__Directions__. Print only the lines from the top of the data through the line with "Anxingo 14 853", both included, skipping every picture.

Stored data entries
══════

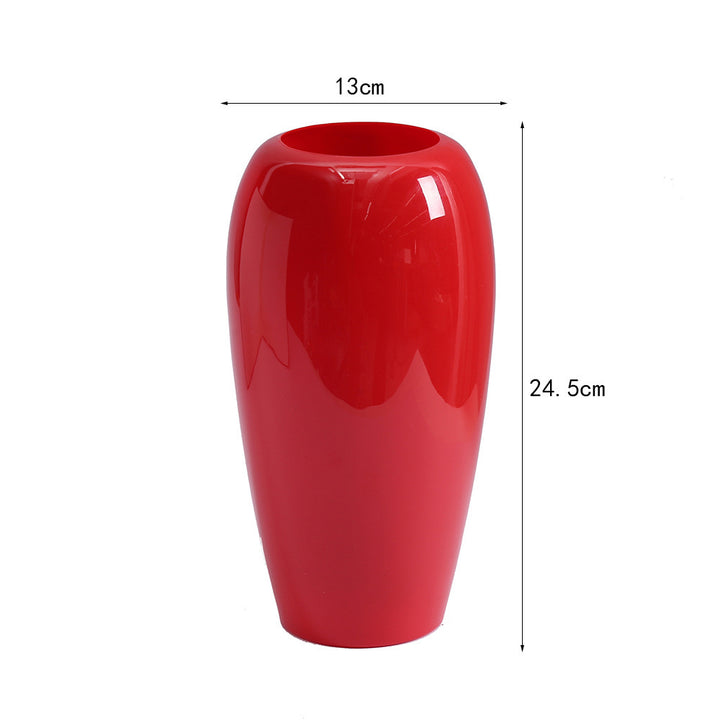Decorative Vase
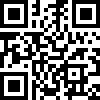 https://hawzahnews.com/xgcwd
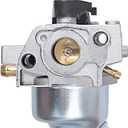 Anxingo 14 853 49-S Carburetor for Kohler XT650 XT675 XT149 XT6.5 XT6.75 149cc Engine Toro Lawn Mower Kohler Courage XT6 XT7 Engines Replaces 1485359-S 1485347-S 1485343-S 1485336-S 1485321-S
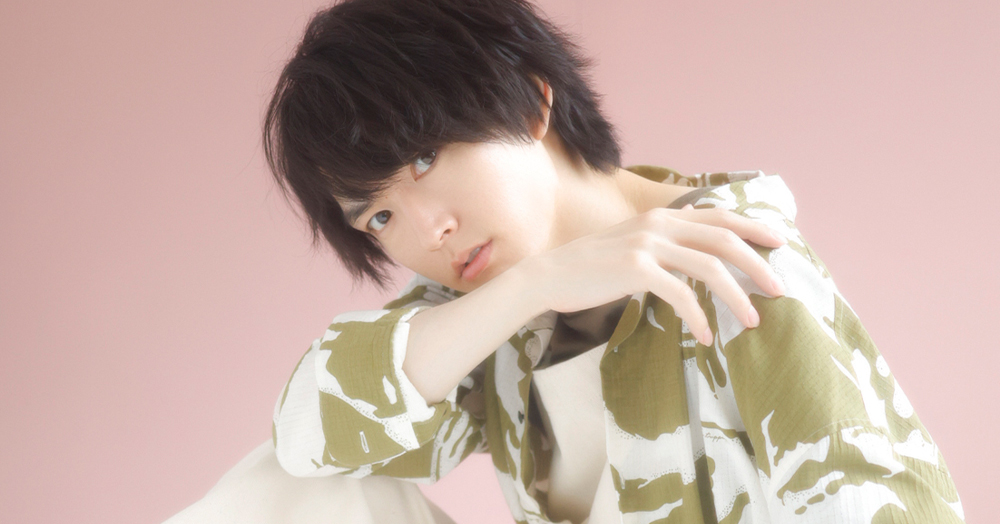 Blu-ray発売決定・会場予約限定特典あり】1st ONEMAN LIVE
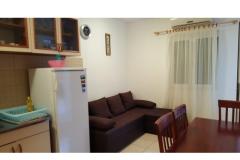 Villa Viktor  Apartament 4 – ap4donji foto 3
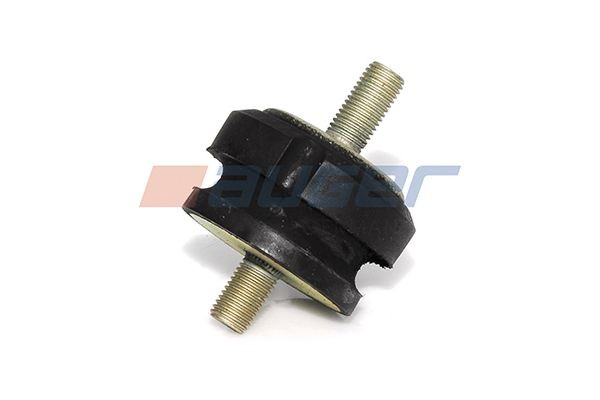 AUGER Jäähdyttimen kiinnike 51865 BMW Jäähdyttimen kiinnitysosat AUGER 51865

══════

__Written solution__.
Decorative Vase
 https://hawzahnews.com/xgcwd
 Anxingo 14 853 49-S Carburetor for Kohler XT650 XT675 XT149 XT6.5 XT6.75 149cc Engine Toro Lawn Mower Kohler Courage XT6 XT7 Engines Replaces 1485359-S 1485347-S 1485343-S 1485336-S 1485321-S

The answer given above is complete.